• **The records**:
──────

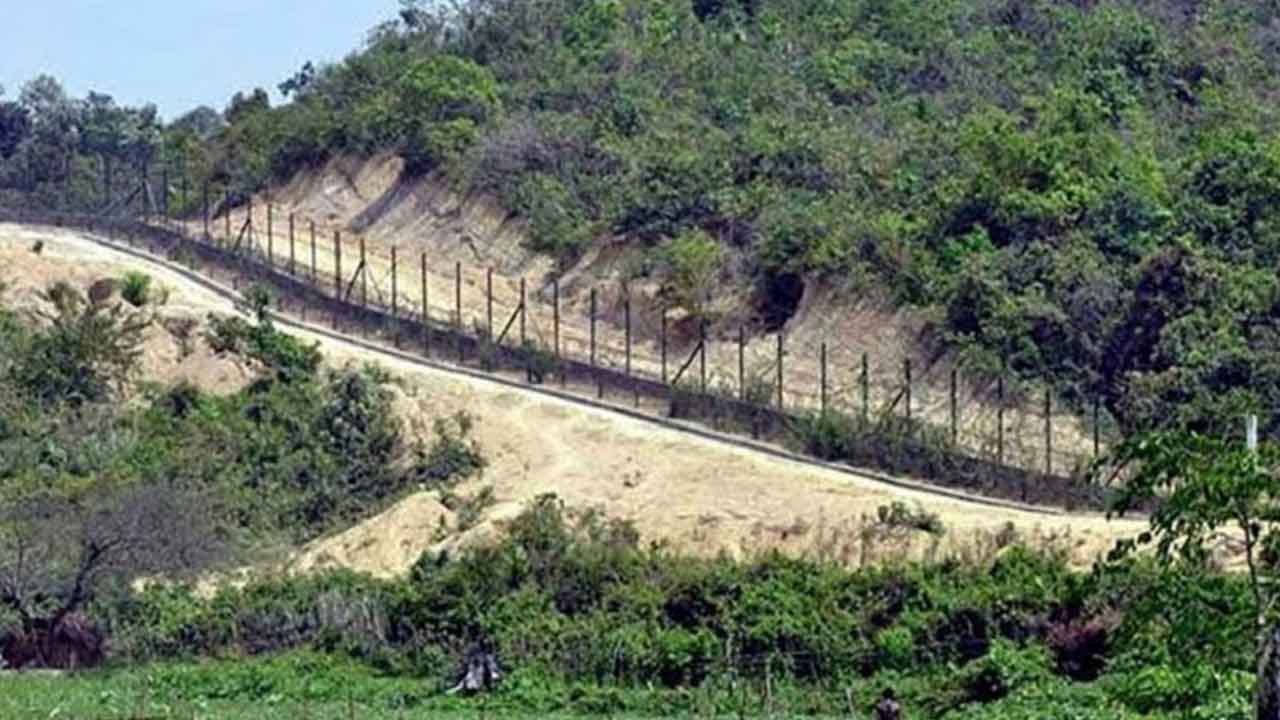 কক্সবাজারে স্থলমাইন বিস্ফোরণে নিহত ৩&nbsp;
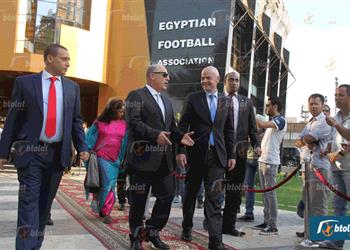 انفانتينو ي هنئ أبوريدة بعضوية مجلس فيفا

──────

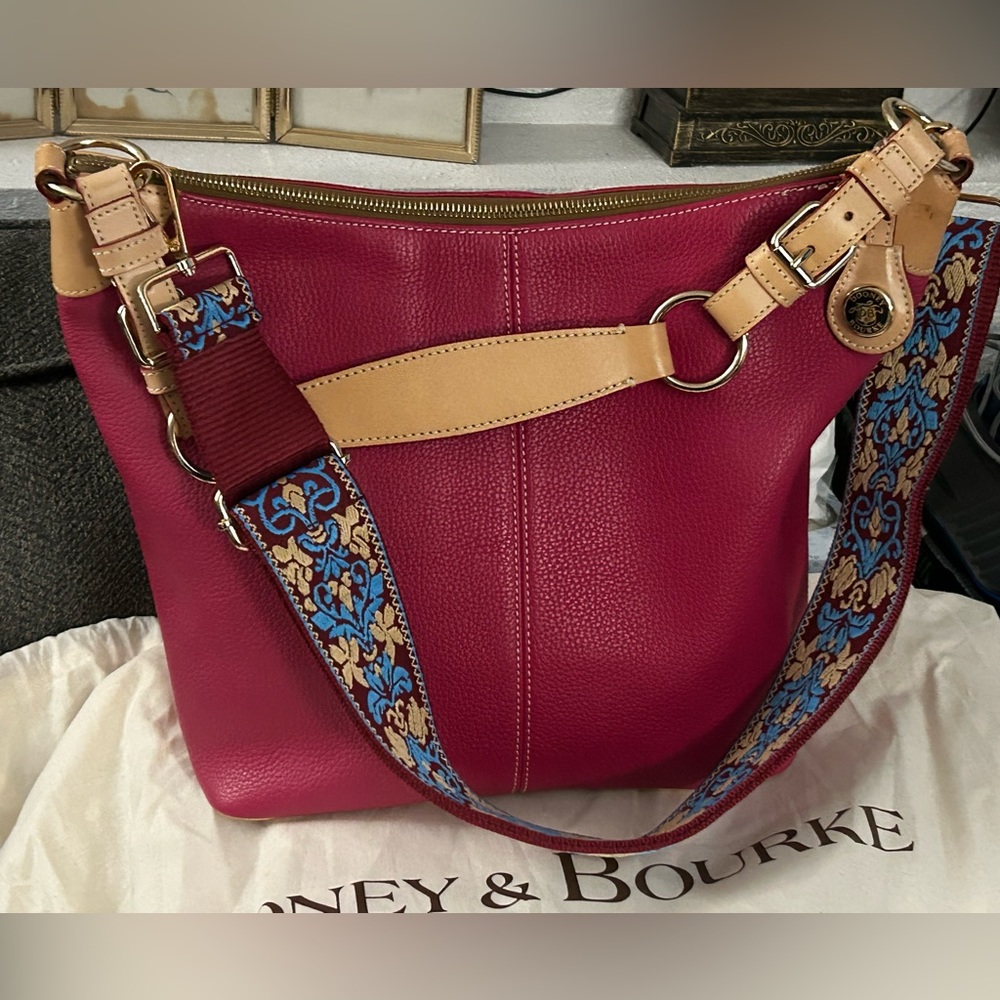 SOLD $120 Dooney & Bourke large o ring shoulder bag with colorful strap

──────

• **Task brief**:
Transcribe the listing above exactly, but only from the line with "কক্সবাজারে স্থলমাইন বিস্ফোরণে নিহত ৩&nbsp;" through the line with "انفانتينو ي هنئ أبوريدة بعضوية مجلس فيفا". Include both of those lines and omit the pictures.

• **Written reply**:
 কক্সবাজারে স্থলমাইন বিস্ফোরণে নিহত ৩&nbsp;
 انفانتينو ي هنئ أبوريدة بعضوية مجلس فيفا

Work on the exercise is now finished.